スペシャルインタビュー:東京朝市アースデイマーケット 事務局 田中利昌

代々木公園けやき並木で月一回、週末の朝に開催している東京朝市アースデイマーケット。東京の都心開催ながら本格的なファーマーズマーケットは、食と農のつながりを軸としたライフスタイル発信の場となっています。Lomography+のある3331で偶然知り合ったことがきっかけとなり、アースデイマーケットとロモグラフィー、双方がオルタナティブなライフスタイルを提供していることに共感し、事務局の田中 利昌さんにカメラをお貸出しすることになりました。マーケットの皆様のほっこりする笑顔と、なんだか温かみを感じる野菜や出品物の数々….LC-Wideで撮影された写真を、インタビューと共にお楽しみください!

田中さん、こんにちは。まずは簡単に自己紹介と、アースデイマーケットについて教えてください。

こんにちは。私はフリーランスでウェブサイトの制作とカメラマンをしています。
マーケットに関しては現在はウェブサイトの運営と当日の写真撮影をしています。
アースデイマーケットは2006年4月から始まりまして基本的に毎月1回、代々木公園のケヤキ並木で開催してきました。
以降ずっと、毎回欠かさずに撮影し続けています。マーケットがこんなに続くとは思ってもみませんでしたが、私自身も良く懲りずに続けているなぁと思います。

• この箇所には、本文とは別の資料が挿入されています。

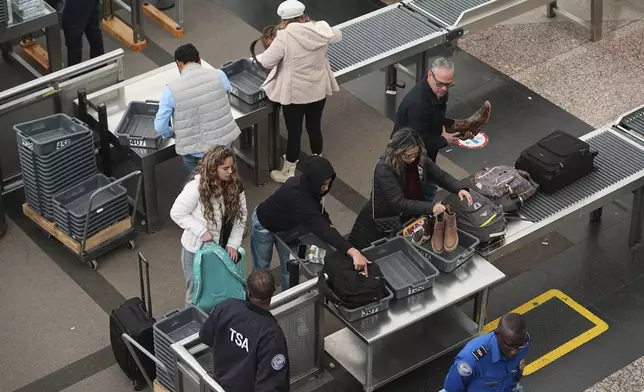 Travellers queue up to pass through the south security checkpoint in the main terminal of Denver International Airport Tuesday, Dec. 24, 2024, in Denver. (AP Photo/David Zalubowski)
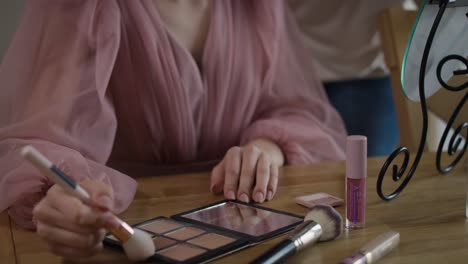 caucasian woman teaching daughter how to do make up for a prom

東京の真ん中にこれだけの農家さんのお店が並ぶなんて、普通では考えられないことですよね。アースデイマーケットはどういった経緯で始まったのでしょうか?

アースデイマーケットは NPO法人 アースデイマネー・アソシエーション の一事業として始まりました。アースデイマネーでは「r(アール)」という渋谷を中心に流通している地域通貨を運営していまして、当時rが使える場所を増やして行きたかったんですね。それなら自分たちでも市場を作っちゃおう、というのが始まりです。
地域通貨についてちょっと説明させていただくと、地域通貨というのは「円」の代わりのお金を想像してみようということです。
私たちは日ごろの生活の中で空気のように「円」を使っていますが、いちど立ち止まってお金について考えてみてもいいんじゃないですか? という提案です。お金の多い少ないはいつもみんな気にしてるんですけれど(笑)、それ自体について気を配ることってないんですよね。
個人の人生の問題についても社会の抱える大きな問題についてもお金の問題というのはかならずついて回ってきます。
自分とお金の関わりについて自分なりの考えを持つことが、社会の問題解決につながっていくと考えています。
ではなぜ農家市場だったのかというとアースデイマネーではお金の問題だけではなくて食や環境の問題も大きなテーマなんです。
テーマは大きいのですが、ともかく食べ物を作っている人と直接つながる、まずここから始めてみましょうということです。スーパーマーケットやコンビニで買い物するときは、その商品が誰がどこでどうやって作っているかに思いを馳せることはあまりしないですよね。
こんなこと言うとスーパーを否定しているように聞こえるかもしれませんがそんなことはないですよ。
別の選択肢が常にあるということを示したいんです。スーパーも農家市場もあってどちらもその時の都合で選べたらいいねということなんです。本当に豊かなことっていうのは選べることだと思います。円もドルもrも、デジタルもフィルムもということです(笑)。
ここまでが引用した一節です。